Minimizing NLL = Maximizing likelihood.

Average Loss

For numerical stability and comparison across dataset sizes, use the average:

\[L(\theta) = -\frac{1}{N}\sum_{i=1}^{N} \log P(y_i | x_i; \theta)\]

This is our training objective.

Cross-Entropy: The Information Theory View

Cross-Entropy Definition

Given true distribution p and model distribution q, the cross-entropy is:

\[H(p, q) = -\sum_{x} p(x) \log q(x)\]

It measures the expected number of bits needed to encode samples from p using a code optimized for q.

For Language Modeling

At each position in our data:

  • True distribution: p(c_t | context) = 1 if c_t is the actual next character, else 0 (one-hot)
  • Model distribution: \(q(c) = \hat{P}(c | \text{context}; \theta)\)

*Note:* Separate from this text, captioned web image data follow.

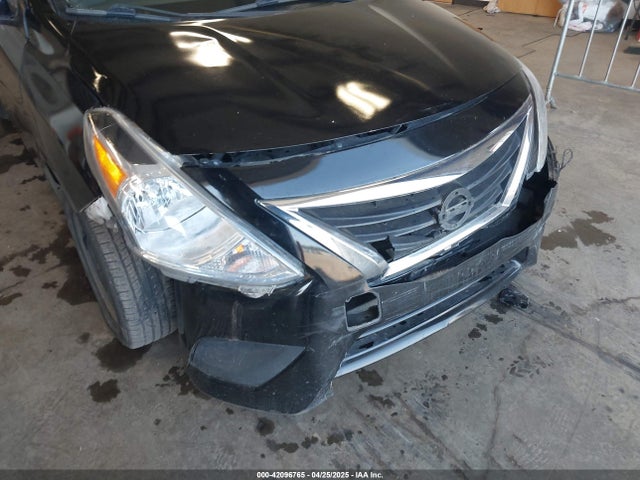 3N1CN7AP5KL818299 Nissan Versa 1.6 Sv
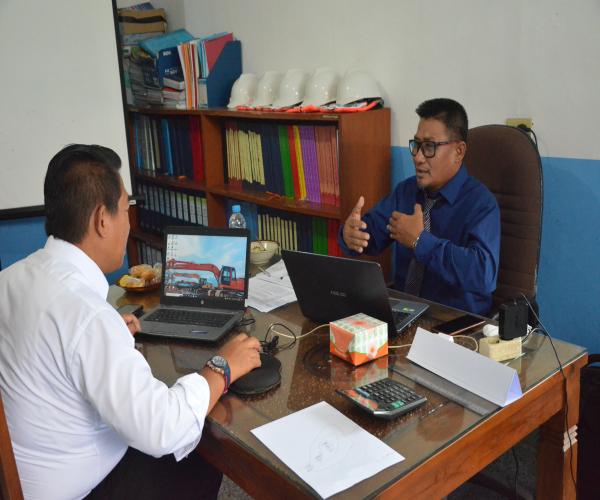 30 Peserta Uji Sertifikasi Berhasil Dinyatakan Berkompeten 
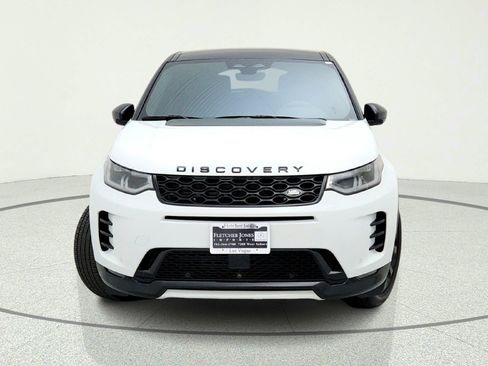 Used 2024 Land Rover Discovery Sport Dynamic SE AWD/4WD image 3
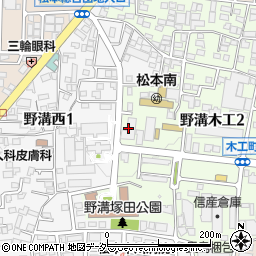 タカラ住宅機器ショールーム周辺の地図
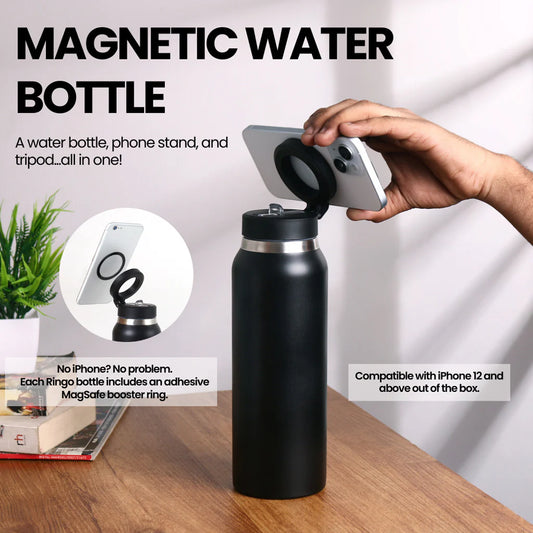 Oye shoppy MagSip Bottle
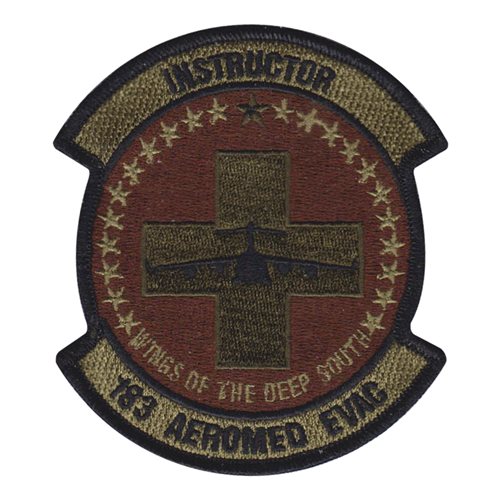 183 AES Instructor OCP Patch 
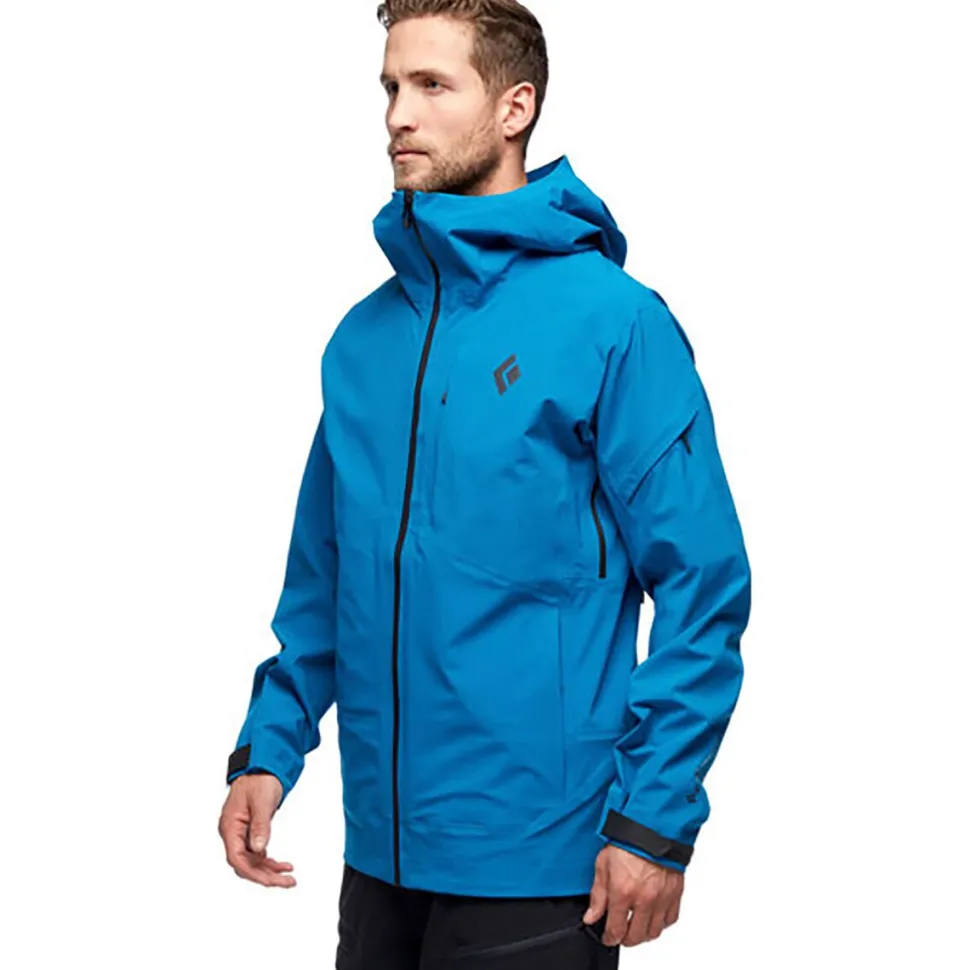 Recon Stretch Ski Shell - Men's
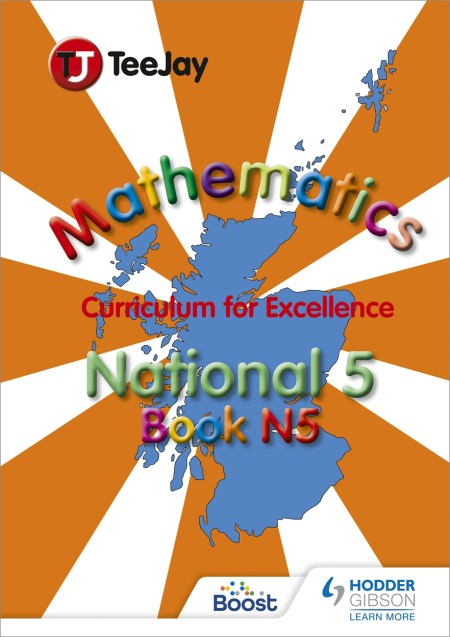 TeeJay National 5 Mathematics Boost eBook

The cross-entropy at this position:

\[H(p, q) = -\sum_{c} p(c) \log q(c)\]

Since p(c) = 1 for c = y (the true character) and 0 otherwise:

\[H(p, q) = -1 \cdot \log q(y) + \sum_{c \neq y} 0 \cdot \log q(c) = -\log q(y)\]

This is exactly the negative log-probability!

The Equivalence

Cross-entropy loss per example = Negative log-likelihood per example.

For the dataset:

\[\text{Cross-Entropy Loss} = -\frac{1}{N}\sum_{i=1}^{N} \log \hat{P}(y_i | x_i; \theta)\]

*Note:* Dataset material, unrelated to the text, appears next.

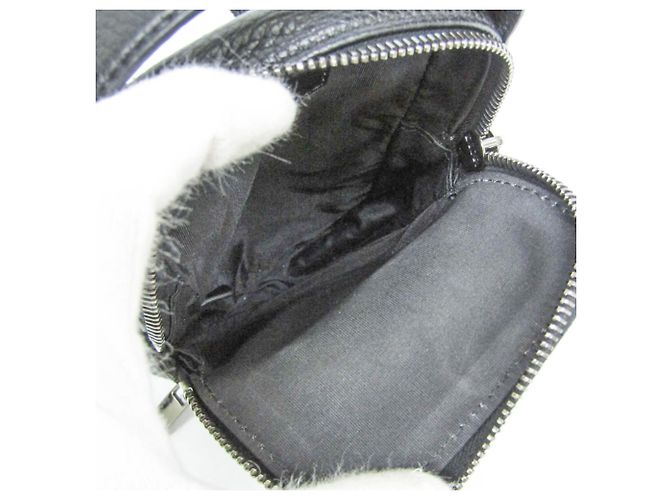 Micro Pochette Rider Oblique Christian Dior - vista 3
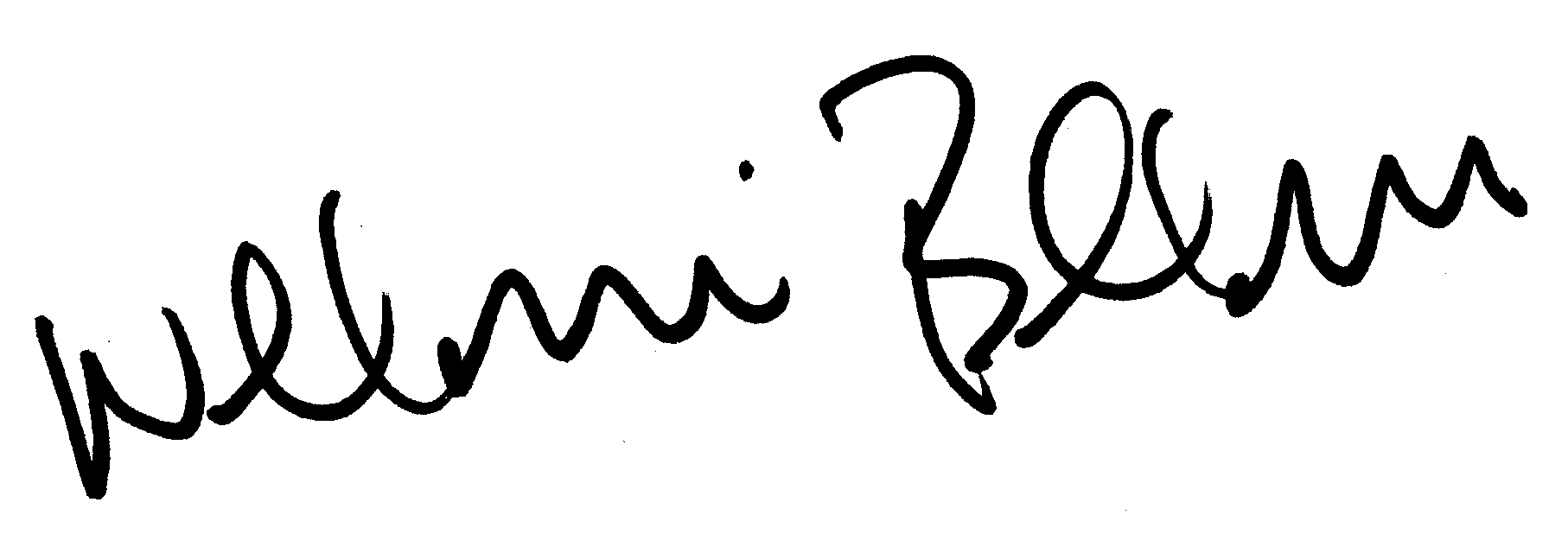 William Baldwin autograph facsimile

This is the same as average NLL!

Why Cross-Entropy Is the Right Loss

Reason 1: Maximum Likelihood

As shown, minimizing cross-entropy = maximizing likelihood.

MLE has strong theoretical justification:

  • Consistent (converges to true parameters with infinite data)
  • Asymptotically efficient (lowest variance among consistent estimators)
  • Invariant under reparametrization

Reason 2: Proper Scoring Rule

A scoring rule S(q, y) is proper if:

\[\mathbb{E}_{y \sim p}[S(p, y)] \leq \mathbb{E}_{y \sim p}[S(q, y)]\]

For any distribution q. That is, the best expected score is achieved when q = p.

Cross-entropy is proper.

Proof:

Expected cross-entropy when true distribution is p:

\[\mathbb{E}_{y \sim p}[H(p, q)] = \sum_y p(y) H(p, q) = -\sum_y p(y) \log q(y)\]

This is minimized when q = p, giving the entropy H(p):

\[H(p, p) = -\sum_y p(y) \log p(y) = H(p)\]

For any q ≠ p, we have H(p, q) > H(p, p) by Gibbs' inequality.

Reason 3: Information-Theoretic Interpretation

Cross-entropy H(p, q) measures the inefficiency of using code for q when the true distribution is p.

Minimizing cross-entropy = finding the most efficient encoding of the data.

Reason 4: Gradient Properties

We'll see shortly that cross-entropy combined with softmax has remarkably clean gradients.

The Loss Function Explicitly

For a Single Example

Given context x and true next character y:

\[L = -\log \hat{P}(y | x; \theta)\]

Recall that the model computes:

\[\hat{P}(c | x; \theta) = \text{softmax}(\text{logits})_c = \frac{e^{z_c}}{\sum_{c'} e^{z_{c'}}}\]

Where z are the logits (outputs of the final linear layer).

Substituting:

\[L = -\log \frac{e^{z_y}}{\sum_c e^{z_c}}\]

Simplifying

\[L = -\log e^{z_y} + \log \sum_c e^{z_c}\]
\[L = -z_y + \log \sum_c e^{z_c}\]

This is the softmax log-likelihood formula.

The second term is the log-sum-exp (LSE) function:

\[\text{LSE}(z) = \log \sum_c e^{z_c}\]

For a Batch

For N examples:

\[L = \frac{1}{N}\sum_{i=1}^{N} \left( -z_{y_i}^{(i)} + \text{LSE}(z^{(i)}) \right)\]

Where \(z^{(i)}\) are the logits for example i, and \(y_i\) is the true character index.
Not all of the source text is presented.